Copying rule for the data below: pictures stay out, and only the lines from the one with "1/48 Decals Brewster" down to the one with "SpaChoice Paquete de", inclusive, are repeated exactly.

EXERCISE MATERIAL below:

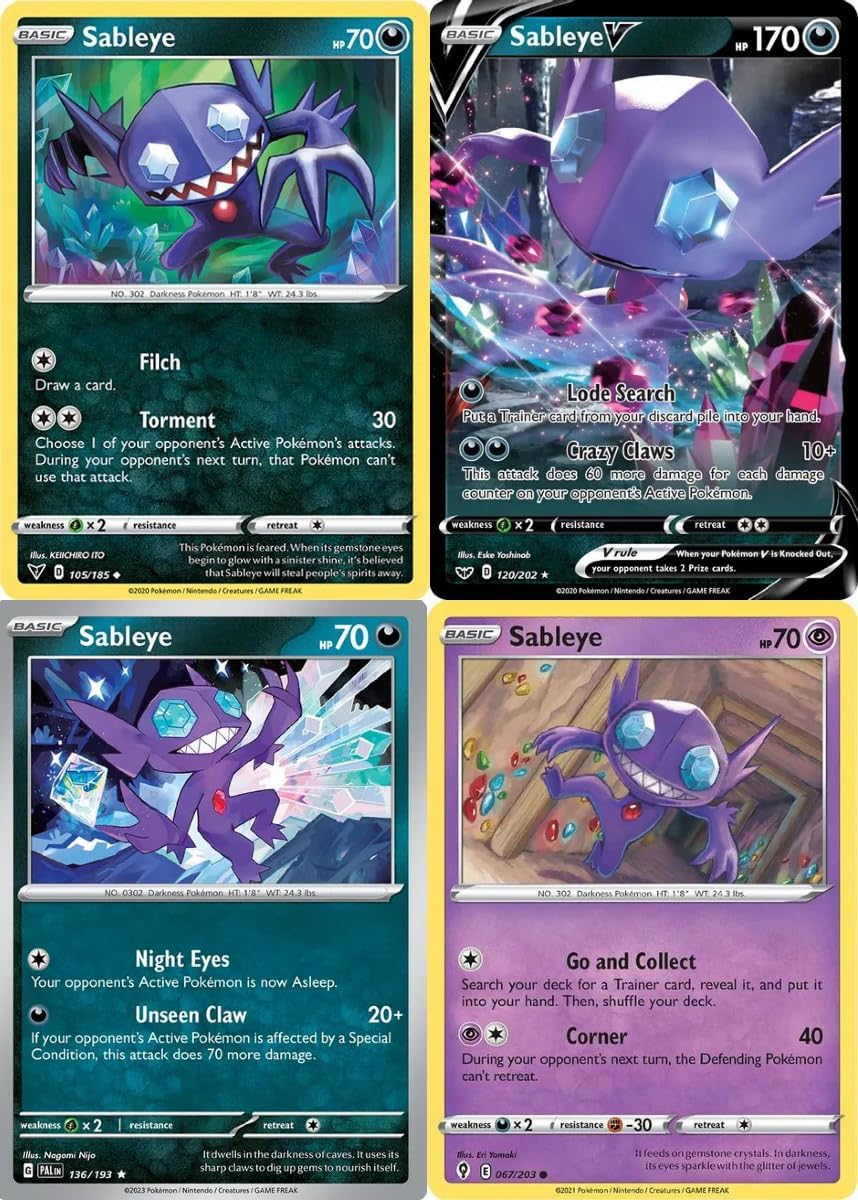 Sableye - Pokemon 4 Card Lot - 120/202-105/185 - Sableye V Vivid Voltage Scarlet Violet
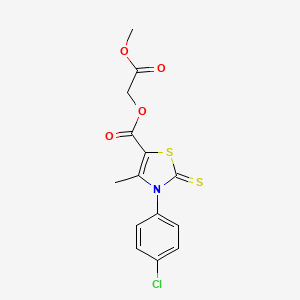 2-methoxy-2-oxoethyl 3-(4-chlorophenyl)-4-methyl-2-thioxo-2,3-dihydro-1,3-thiazole-5-carboxylate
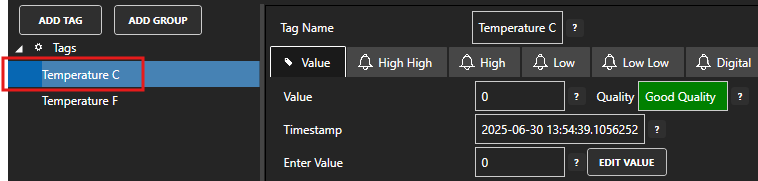 Select Temperature C tag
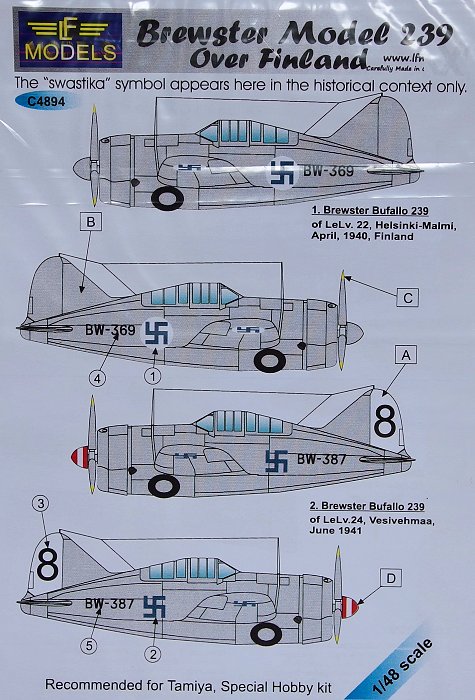 1/48 Decals Brewster Model 239 over Finland (TAM)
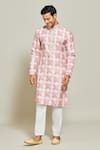 Shop_Arihant Rai Sinha_Pink Kurta  Aligadhi Pant Art Silk Print Mughal Helix Maze Set _Online_at_Aza_Fashions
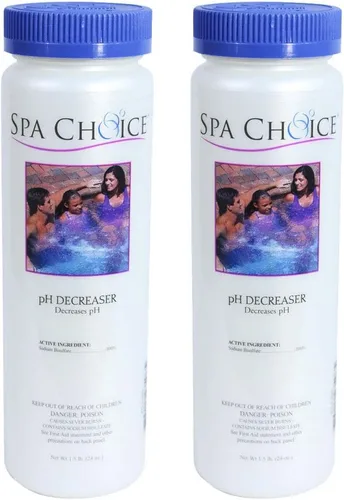 SpaChoice Paquete de 2 reductores de pH prémium de 1.5 libras para bañera de hidromasaje, 100% bisulfato de sodio, fabricado en Estados Unidos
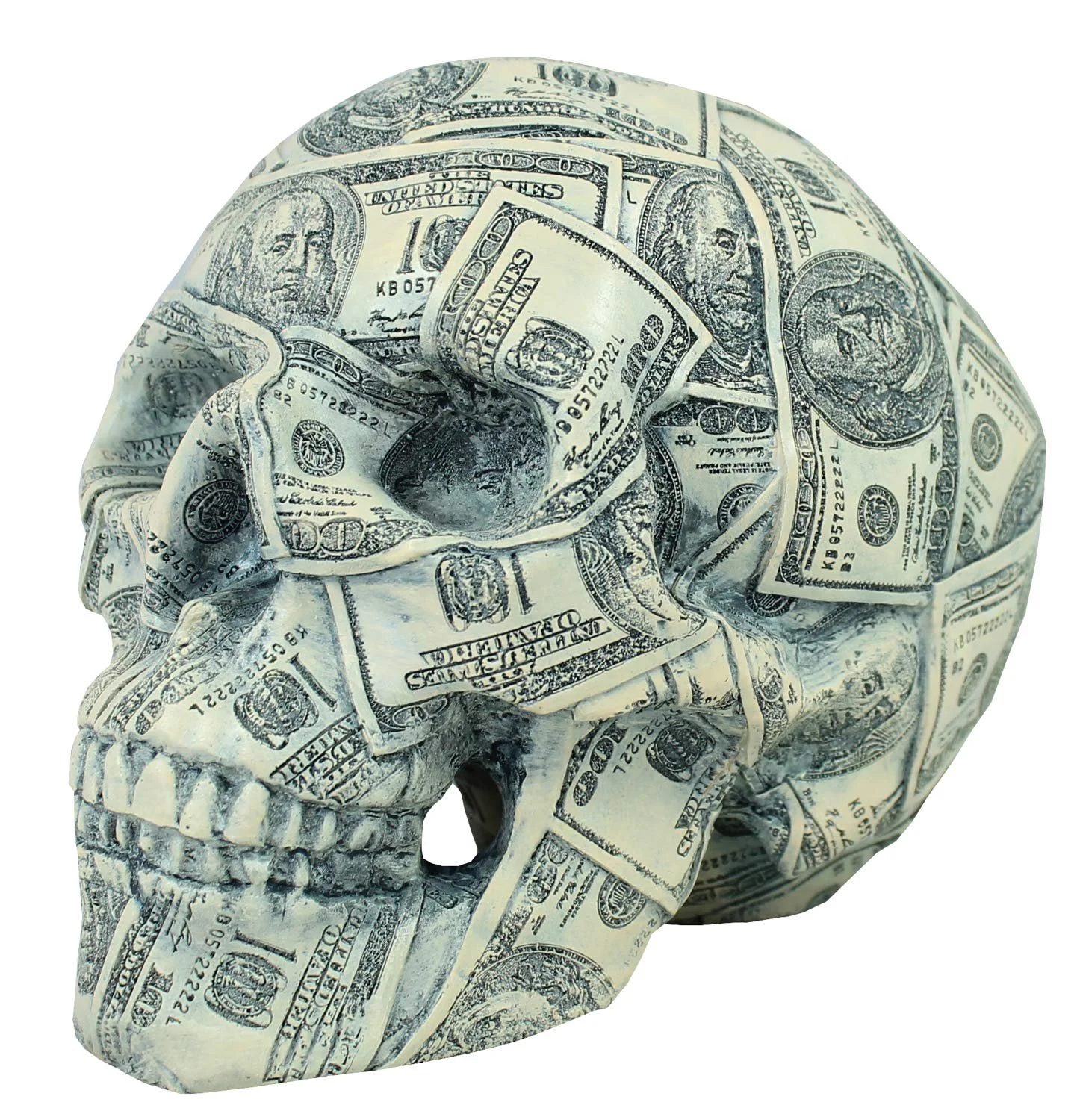 Скарбничка Skull Dollar полірезин 14х12х18 см Чорний/Зелений, фото №2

End of EXERCISE MATERIAL.

→ **SOLUTION FOR THIS EXERCISE**
 1/48 Decals Brewster Model 239 over Finland (TAM)
 Shop_Arihant Rai Sinha_Pink Kurta  Aligadhi Pant Art Silk Print Mughal Helix Maze Set _Online_at_Aza_Fashions
 SpaChoice Paquete de 2 reductores de pH prémium de 1.5 libras para bañera de hidromasaje, 100% bisulfato de sodio, fabricado en Estados Unidos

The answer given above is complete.